Machine learning and citizen science…a winning combination!
* Sarah Huebner, who heads up the Snapshot Safari team has written the following blog to give all participants of Snapshot Safari projects the low down on machine learning advances that are being introduced today*
In the era of Big Data, when equipment allows us to collect data faster than we assess it, researchers are always looking for ways to enhance and accelerate the process between data collection and analysis. We here at Snapshot Safari are proud to have been the first camera trapping project partnering with citizen scientists on Zooniverse when we introduced Snapshot Serengeti, and to have expanded that model from one African park to dozens. Now we hope to improve the data pipeline once again by integrating machine learning to reduce the amount of volunteer effort required to classify data from our participating sites.

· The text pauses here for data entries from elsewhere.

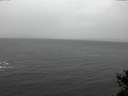 ./images/koeye/fitz-hugh/20141105/fitz-hugh20141105_104502.jpg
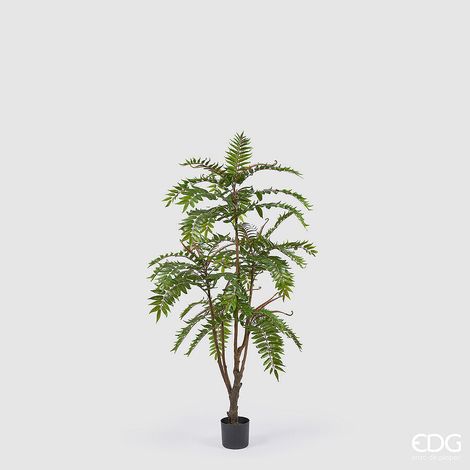 EDG Enzo De Gasperi Ailanto con Vaso Artificiale H 150 Cm Green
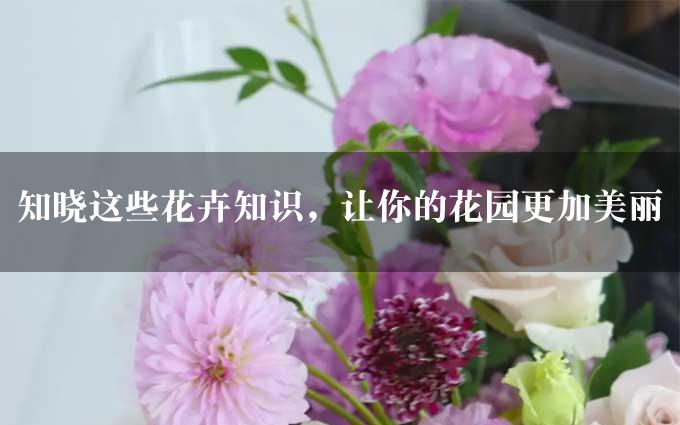 知晓这些花卉知识，让你的花园更加美丽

‘Machine learning’ refers to Artificial Intelligence algorithms that have been trained for a specific task or purpose. These algorithms are fed millions of images labeled with their correct names and are ‘trained’ to recognize those animals again in different settings. These models generate ‘predictions’ based on the training they’ve received and provide confidence levels to let us know how sure they are that is the correct label. Because Snapshot Serengeti has been running since 2010, it has generated millions of images over the years, which make a perfect training dataset for machine learning (ML) algorithms. We are employing ML models to drastically reduce the effort required to retire empty images (no animals present) and to retire images of common animals like wildebeest and zebra.
First, our ML models have become quite good at telling us whether animals are present or not. This helps us to more easily spot cameras where vegetation has grown in front of the lens, resulting in hundreds of pictures of grass blowing in the wind. Pretty, but not quite what we’re after, so we can eliminate those prior to upload. Secondly, we have modified the retirement rules on Snapshot projects (implemented starting today as new seasons are launched) so that only two volunteers need to confirm the computer’s prediction of ‘empty’. This means instead of 10 or even 20 people viewing those photos, only two people will see them and can push them out of the dataset quickly.

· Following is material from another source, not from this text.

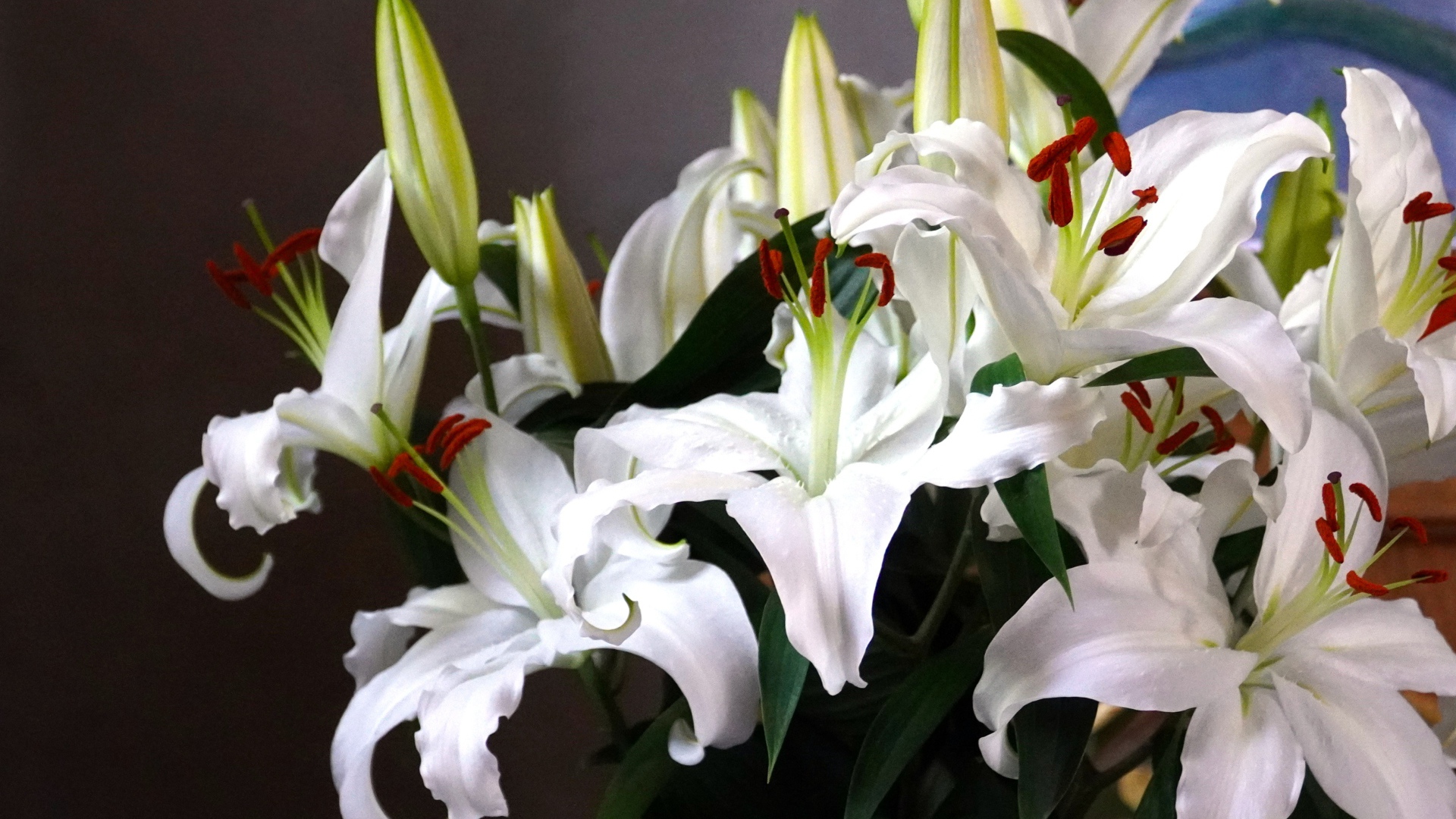 Нежный букет белых лилий с бутонами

Those of you who have been working on this project for a while know that the wildlife you’re most likely to see are zebras and wildebeest, and you all are great at identifying those! Because those are easy identifications, they too will retire with fewer views than before. What this means practically is that you should see more images of rare and cryptic species like predators and fewer blank images. We have implemented a number of retirement rules behind the scenes to make this happen, based on varying confidence levels produced by the algorithm. For example, our simulations have proven that even at only 50% confidence, the computer is right 99.6% of the time when it tells us that an image is empty. Therefore, any ‘empty’ prediction with confidence of 50% or more will only need two human views to confirm that the computer is correct. Likewise, if the model tells us that it’s a human with a confidence level of 80% or higher, we will retire with just two confirmations.
We will continue to improve the algorithm’s capabilities by using our most valuable asset—all of you! We hope that you will be as interested as we are in advancing the use of ML to make the classifying process more fun and satisfying. The algorithm is pretty good at species, but now we need to improve its ability to count animals, so we will soon be introducing a special project, ‘Snapshot Focus’, which will feature images the algorithm has reviewed and marked each animal with a bounding box. We will ask you to tell us whether the ML model got it right. Stay tuned for that and other special projects!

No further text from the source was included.